How do the lines read from the one holding "カワイ（KAWAI）のミニグランドピアノ「KAWAI グランドピアノ ブラック 1141" through the last line of the listing? Set them down exactly, pictures omitted.

◆ **COLLECTED DATA**
···

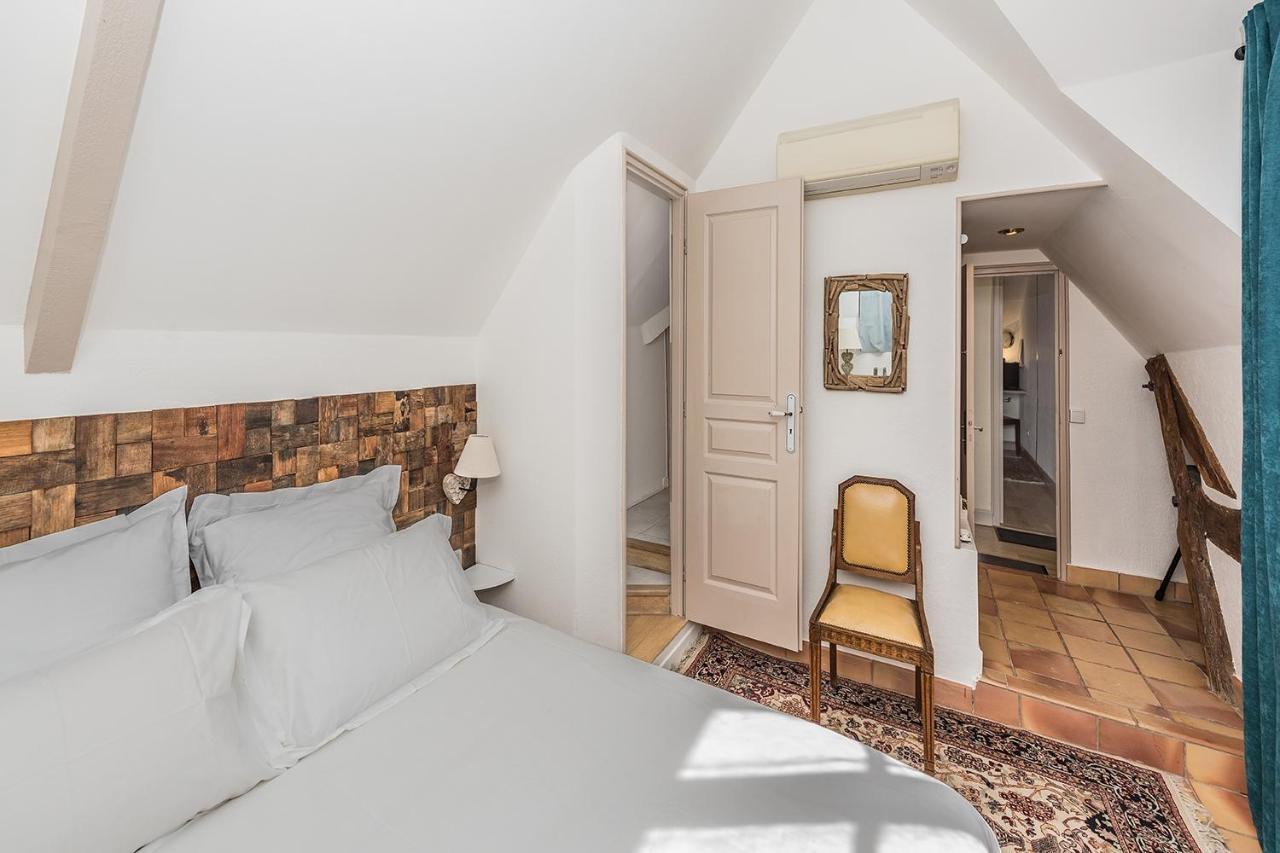 Chambres D'Hotes La Closerie Des Trois Marottes Melun Exterior photo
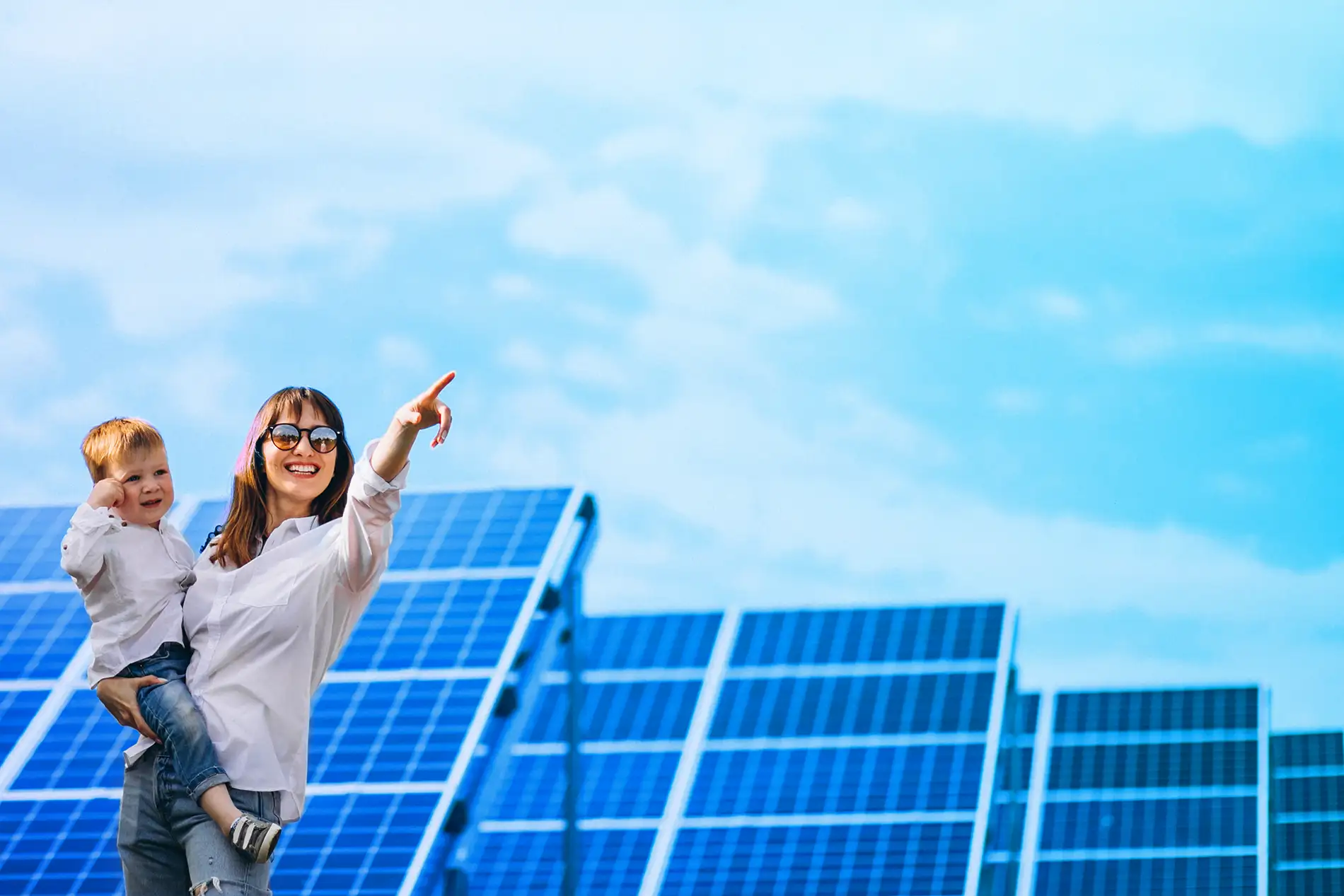 femme-enfant-panneaux-solaires-start-energy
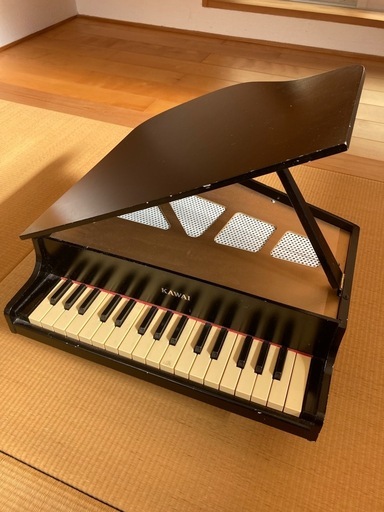 カワイ（KAWAI）のミニグランドピアノ「KAWAI グランドピアノ ブラック 1141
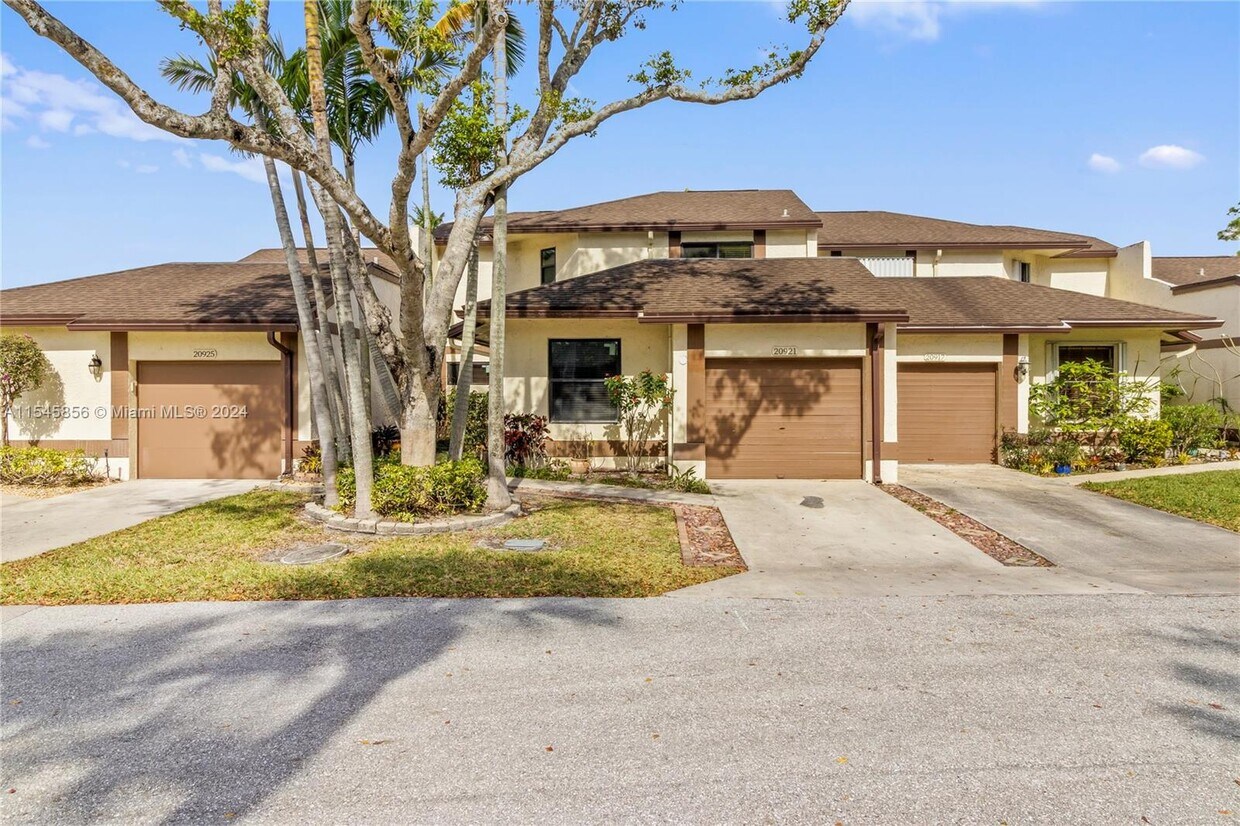 Primary Photo - 20921 Boca Ridge Dr S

···

◆ **RESULT**
 カワイ（KAWAI）のミニグランドピアノ「KAWAI グランドピアノ ブラック 1141
 Primary Photo - 20921 Boca Ridge Dr S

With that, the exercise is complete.